_What you have to do_
Set the pictures aside and transcribe exactly the lines from the one containing "Auction Image" through the final line of the records.

── Task input ──

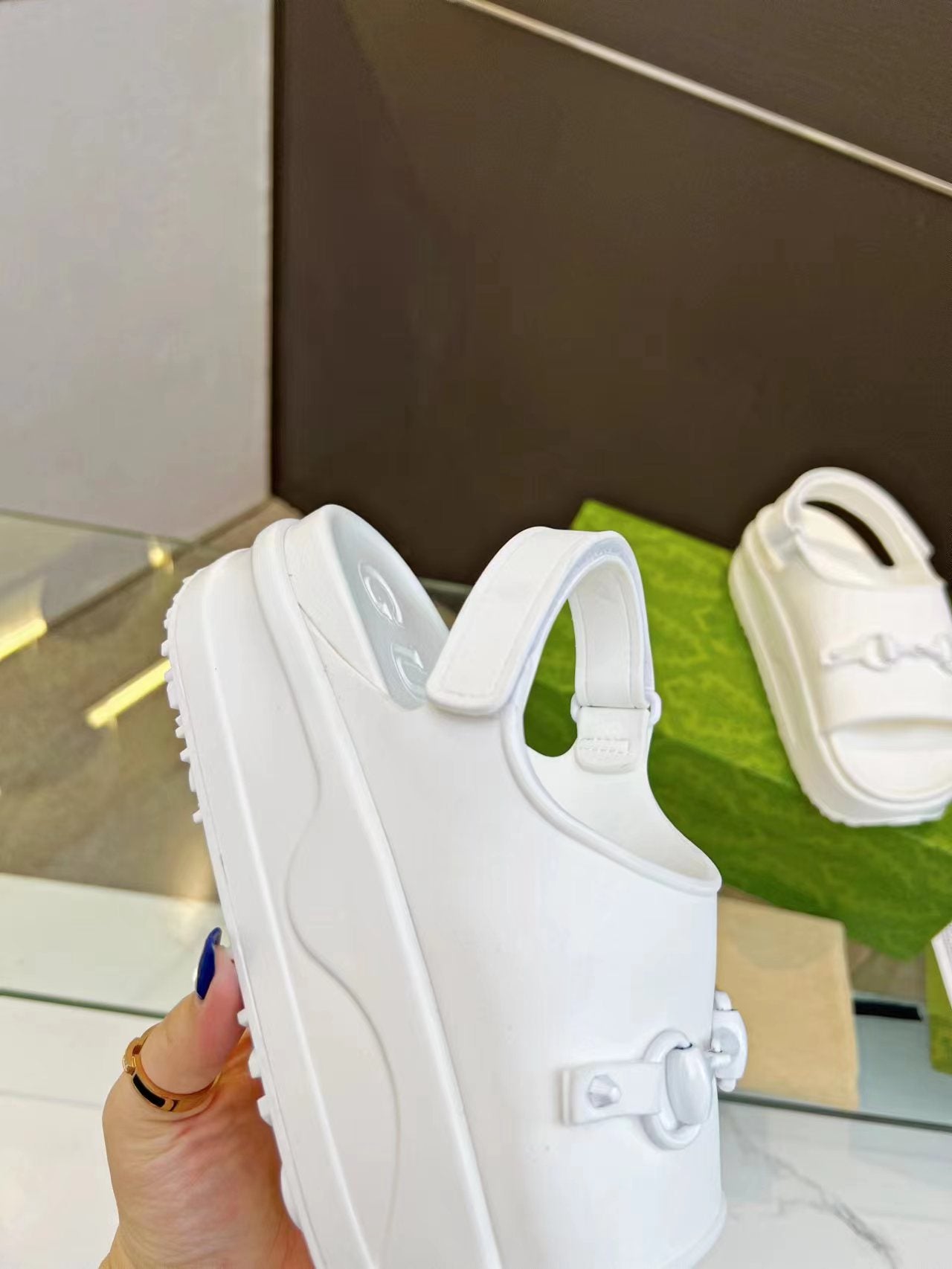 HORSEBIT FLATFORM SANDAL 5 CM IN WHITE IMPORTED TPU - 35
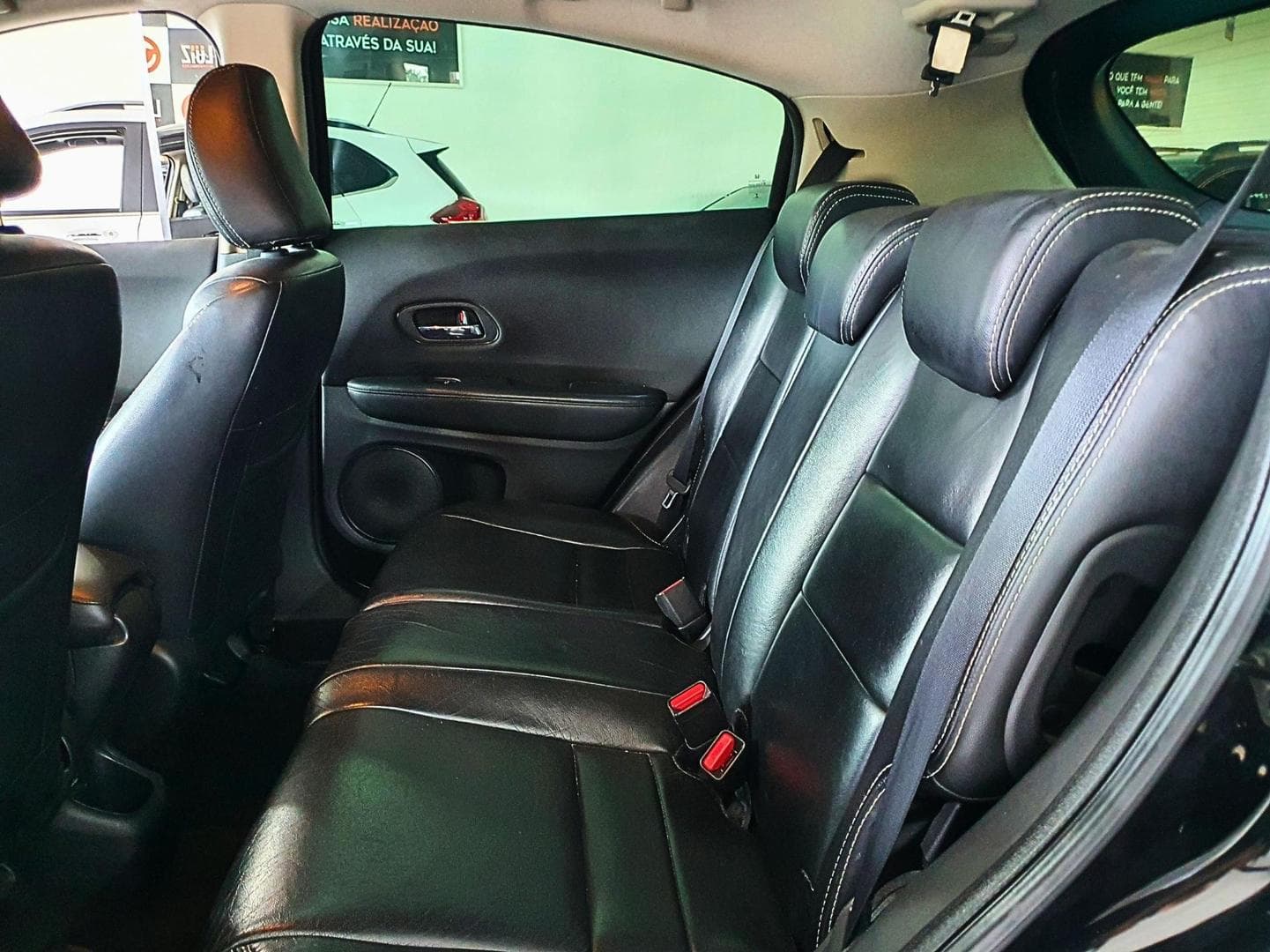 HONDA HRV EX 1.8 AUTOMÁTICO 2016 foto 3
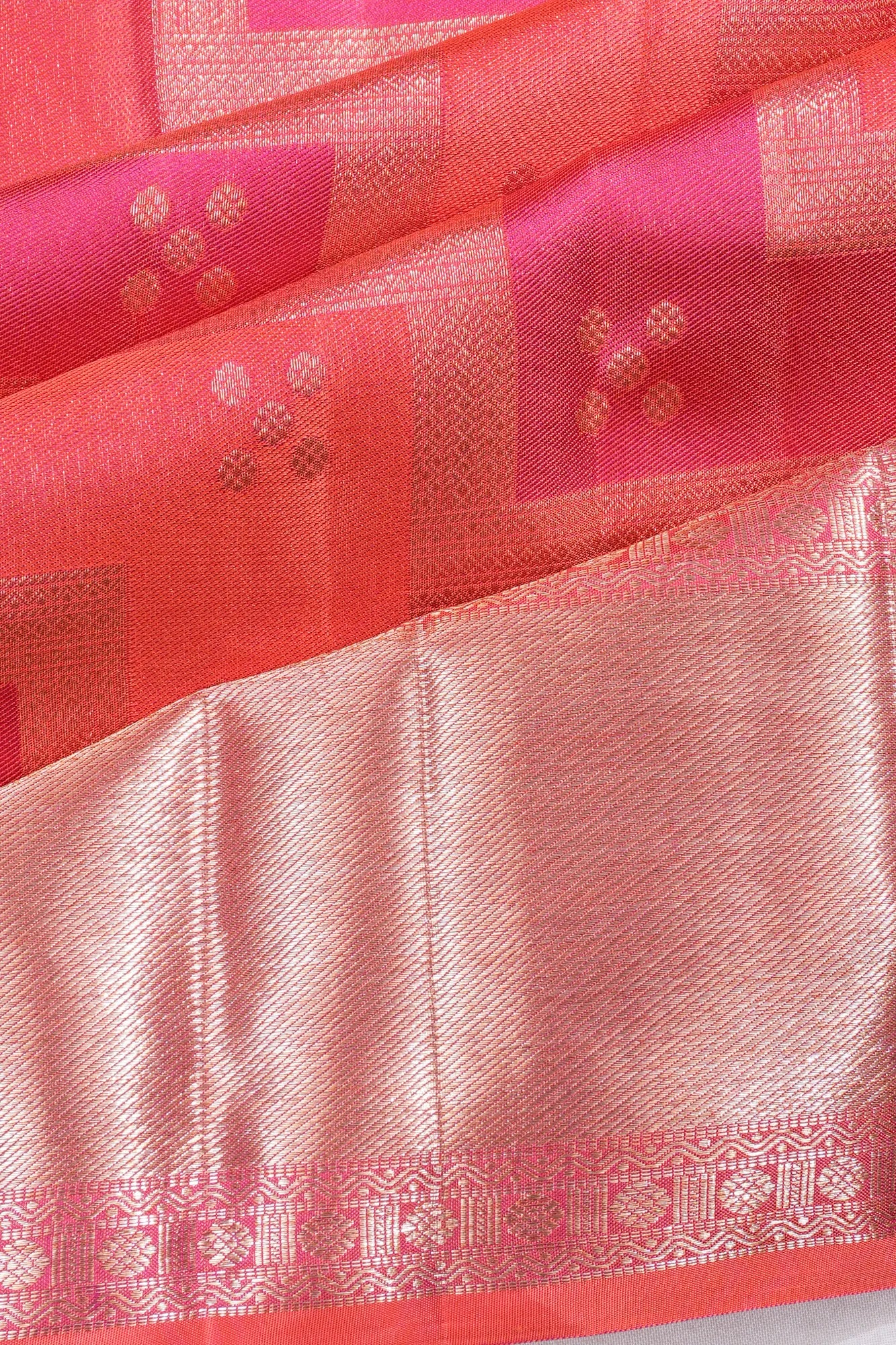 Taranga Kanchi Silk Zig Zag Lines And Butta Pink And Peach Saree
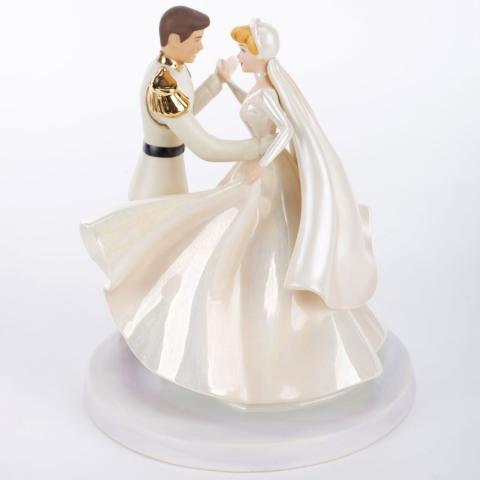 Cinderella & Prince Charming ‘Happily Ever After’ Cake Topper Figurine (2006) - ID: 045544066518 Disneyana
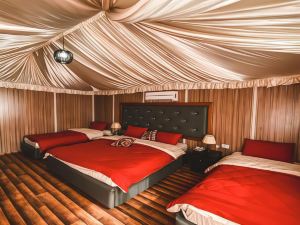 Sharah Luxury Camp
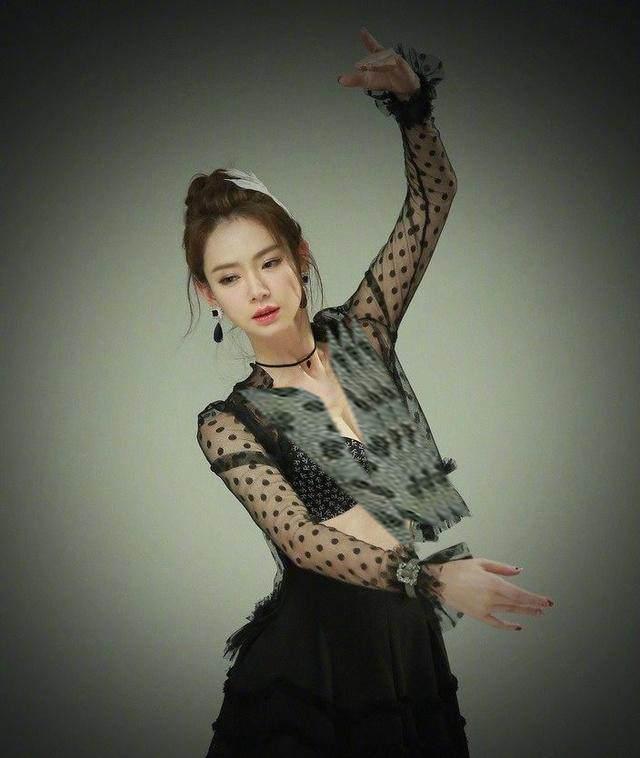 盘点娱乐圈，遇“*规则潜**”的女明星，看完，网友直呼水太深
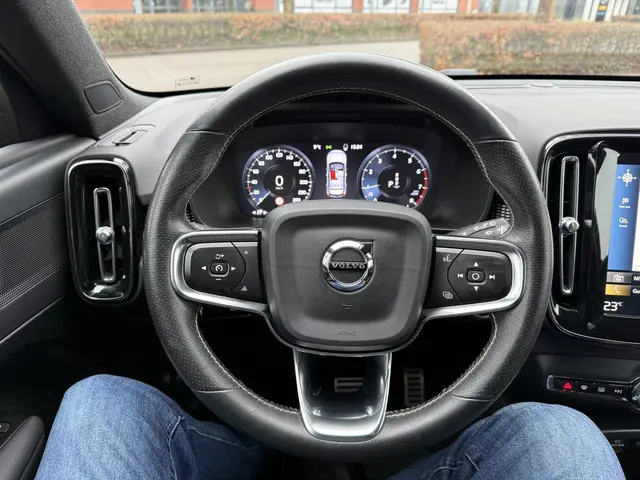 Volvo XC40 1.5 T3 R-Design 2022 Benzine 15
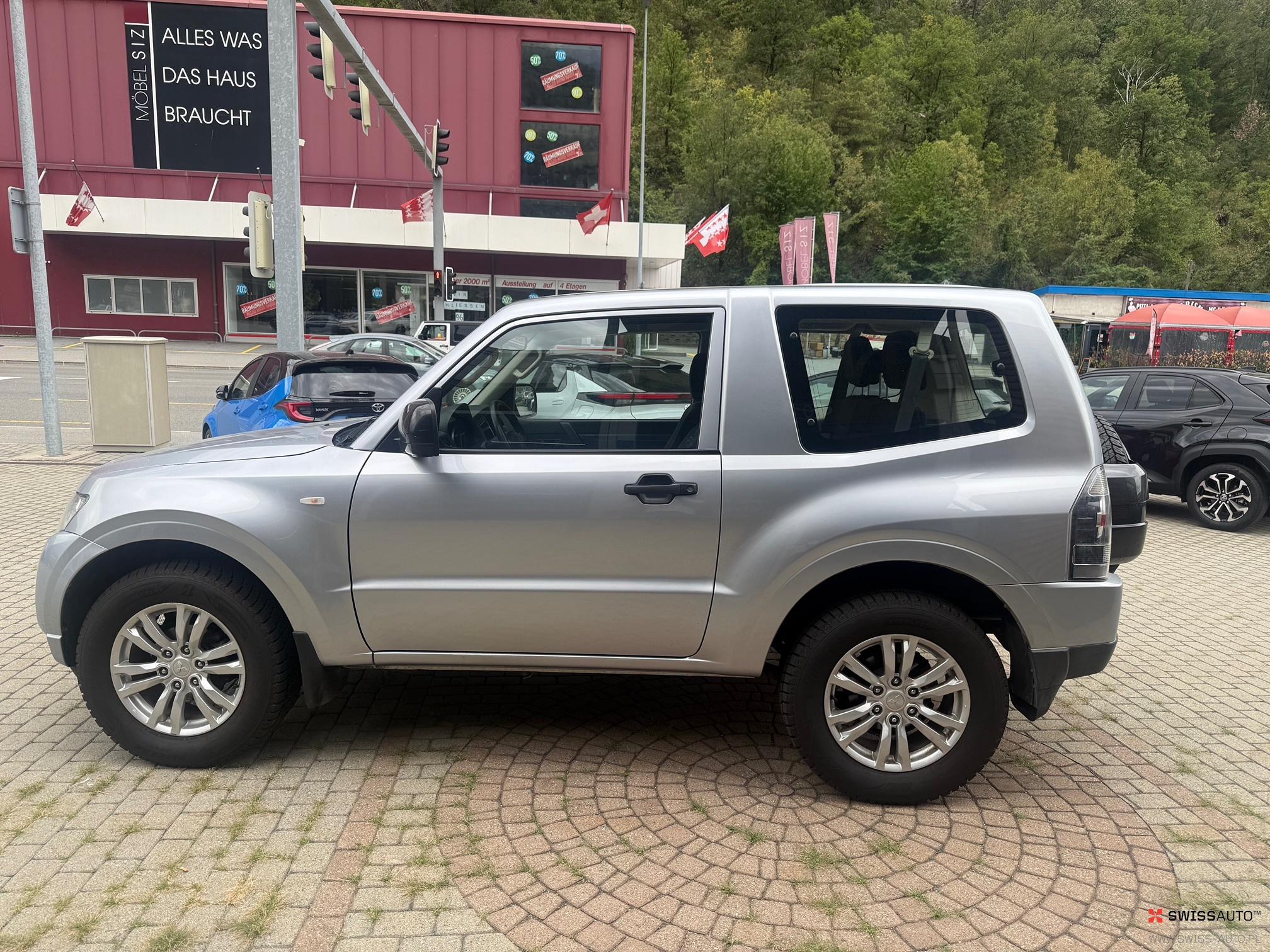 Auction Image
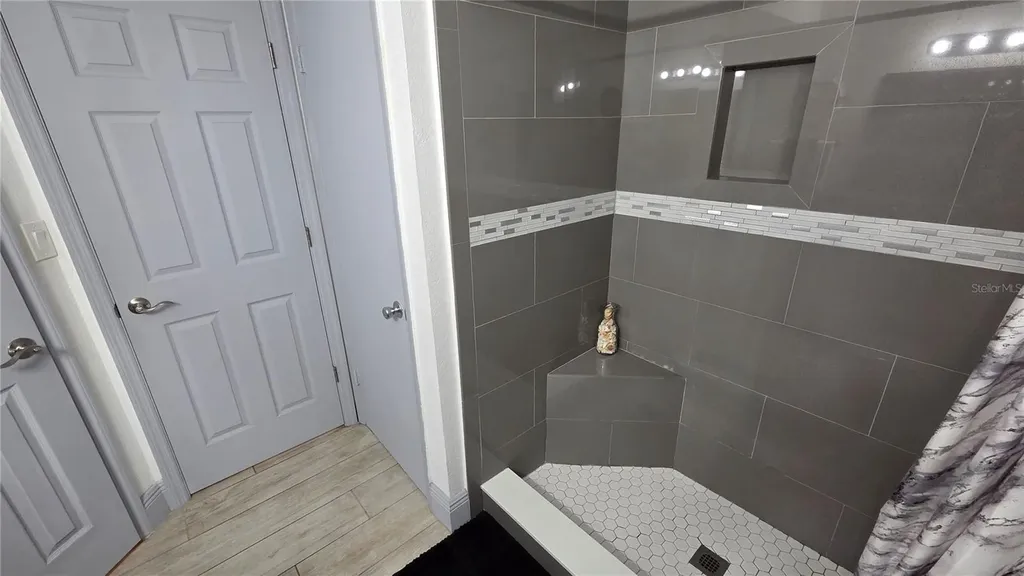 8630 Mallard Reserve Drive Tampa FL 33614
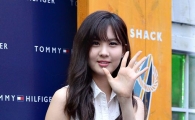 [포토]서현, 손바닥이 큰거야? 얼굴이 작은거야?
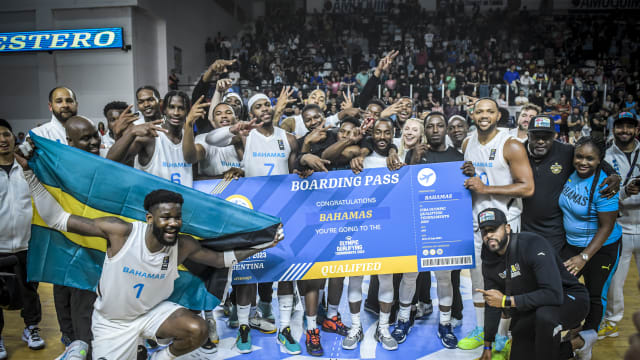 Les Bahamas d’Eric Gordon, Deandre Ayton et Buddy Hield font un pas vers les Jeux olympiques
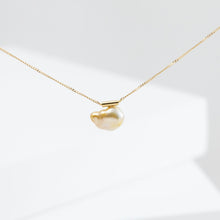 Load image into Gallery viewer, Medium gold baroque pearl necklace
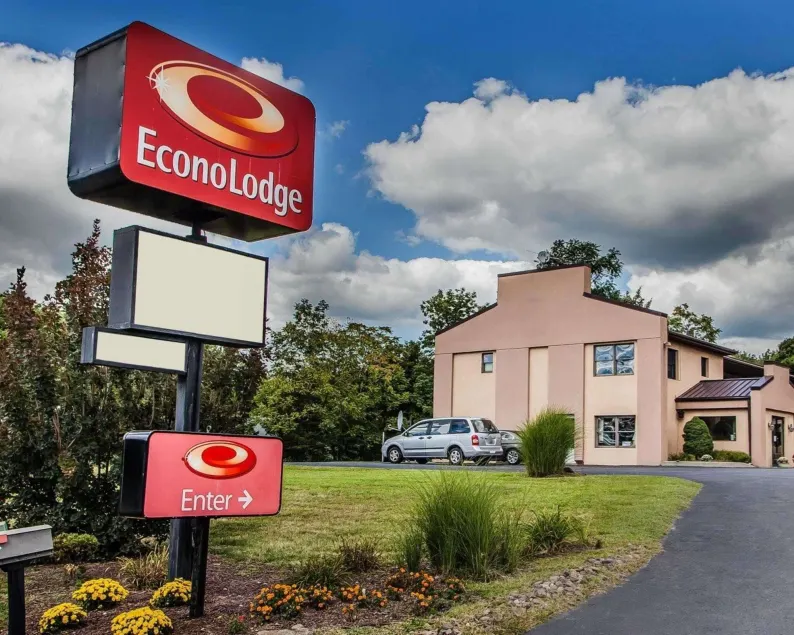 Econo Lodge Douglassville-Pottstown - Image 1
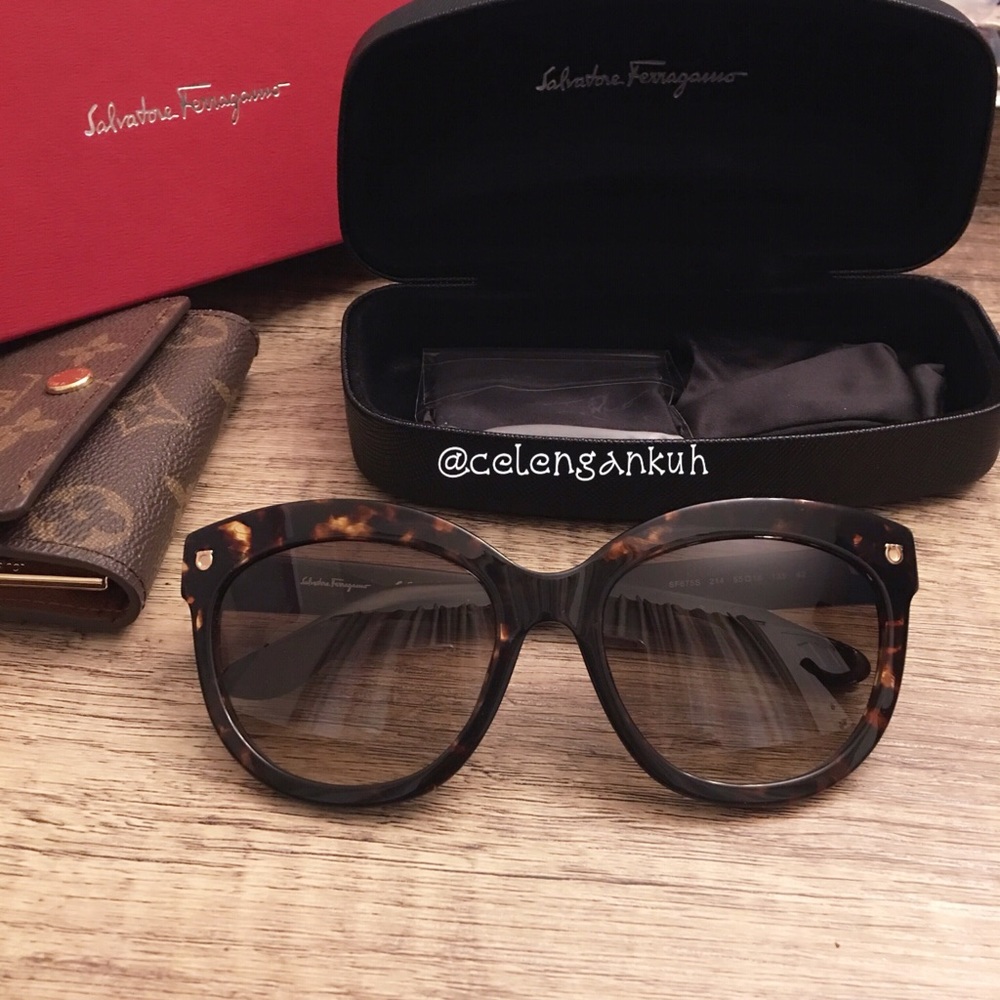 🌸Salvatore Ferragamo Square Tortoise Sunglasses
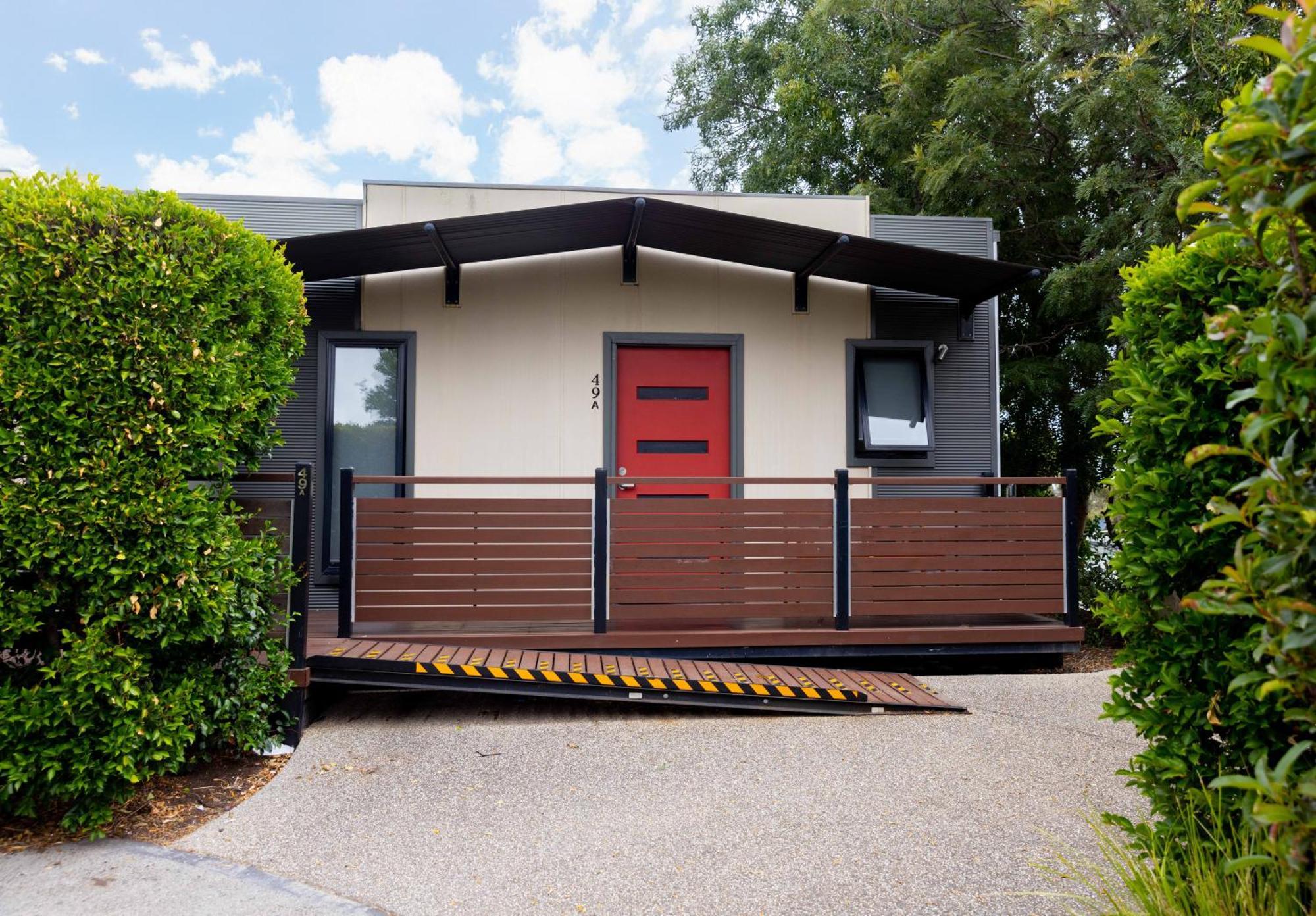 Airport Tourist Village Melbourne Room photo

───

_Solution to this exercise_
 Auction Image
 8630 Mallard Reserve Drive Tampa FL 33614
 [포토]서현, 손바닥이 큰거야? 얼굴이 작은거야?
 Les Bahamas d’Eric Gordon, Deandre Ayton et Buddy Hield font un pas vers les Jeux olympiques
 Load image into Gallery viewer, Medium gold baroque pearl necklace
 Econo Lodge Douglassville-Pottstown - Image 1
 🌸Salvatore Ferragamo Square Tortoise Sunglasses
 Airport Tourist Village Melbourne Room photo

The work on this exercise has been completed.